This problem I am working on comes out of--surprise--the Mas-Colell book for graduate micro (3.D.6). I think I have correctly used the FOC of the Lagrangian of the utility maximization problem to derive the consumer's Walrasian demand. My answer does not match the book. We are given that
$u(x) = (x_1-b_1)^\alpha (x_2-b_2)^\beta(x_3-b_3)^\gamma$
(and then from the first part we can say that $\alpha + \beta + \gamma = 1 $ WLOG.)
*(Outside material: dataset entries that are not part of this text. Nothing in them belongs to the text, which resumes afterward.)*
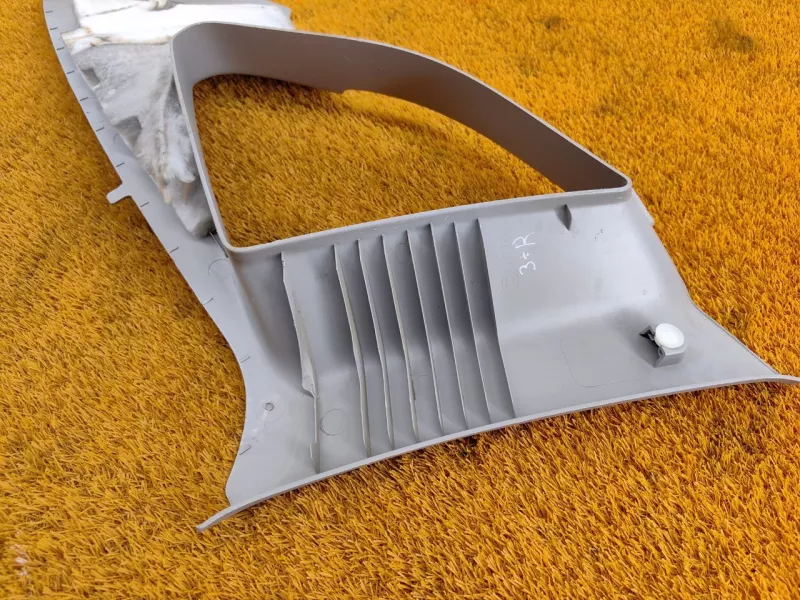 Обшивка стойки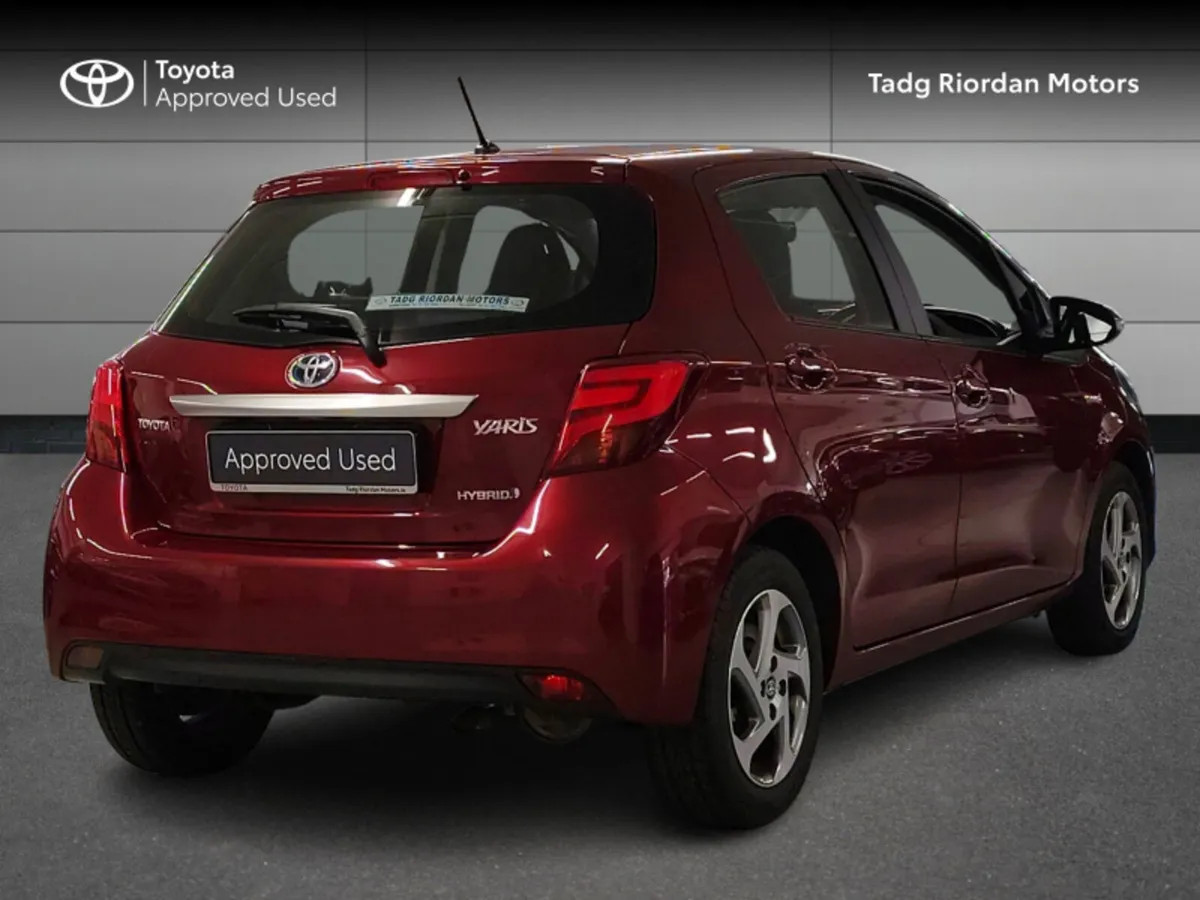 Toyota Yaris HYBRID LUXURY MC - Image 2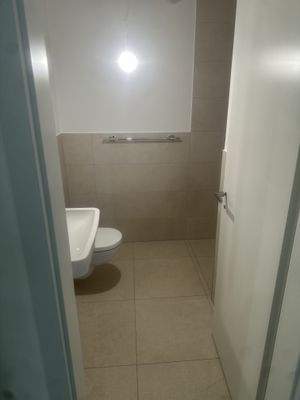 Badezimmer mit Dusche (1).jpg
The solutions say that we take a monotonic transformation:
$\ln(u(x)) = \alpha \ln(x_1-b_1) + \beta \ln(x_2-b_2) + \gamma \ln(x_3-b_3)$
and then I set up the Lagrangian of this:
$ \mathcal{L} = \alpha \ln(x_1-b_1) + \beta \ln(x_2-b_2) + \gamma \ln(x_3-b_3) - \lambda(p_1x_1 + p_2x_2 + p_3x_3 - w)$
and the FOCs are:
$\frac{\alpha}{x_1-b_1} - \lambda p_1 = 0$
$\frac{\beta}{x_2-b_2} - \lambda p_2 = 0$
$\frac{\gamma}{x_3-b_3} - \lambda p_3 = 0$
Solve for the x's:
$x_1 = \frac{\alpha}{\lambda p_1} + b_1$
$x_2 = \frac{\beta}{\lambda p_2} + b_2$
$x_3 = \frac{\gamma}{\lambda p_3} + b_3$
Which leads us to:
$$x(p,w) = (b_1, b_2, b_3) + \left(\frac{\alpha}{\lambda p_1},\frac{\beta}{\lambda p_2},\frac{\gamma}{\lambda p_3}\right)$$
This is not what the book got, so I used Walras law to get the desired result:
$p \cdot x = w$
$\implies w - (b \cdot p) = \frac{1}{\lambda}(\alpha + \beta + \gamma)= \frac{1}{\lambda}$
$$\implies x(p,w) = (b_1, b_2, b_3) + (w - (b \cdot p))\left(\frac{\alpha}{p_1},\frac{\beta}{p_2},\frac{\gamma}{p_3}\right)$$
which is the book's solution.
So my questions are:
Did I do the derivation right? How should I know to take a log transformation of the original utility function? Is there any particular information that is supposed to tip me off?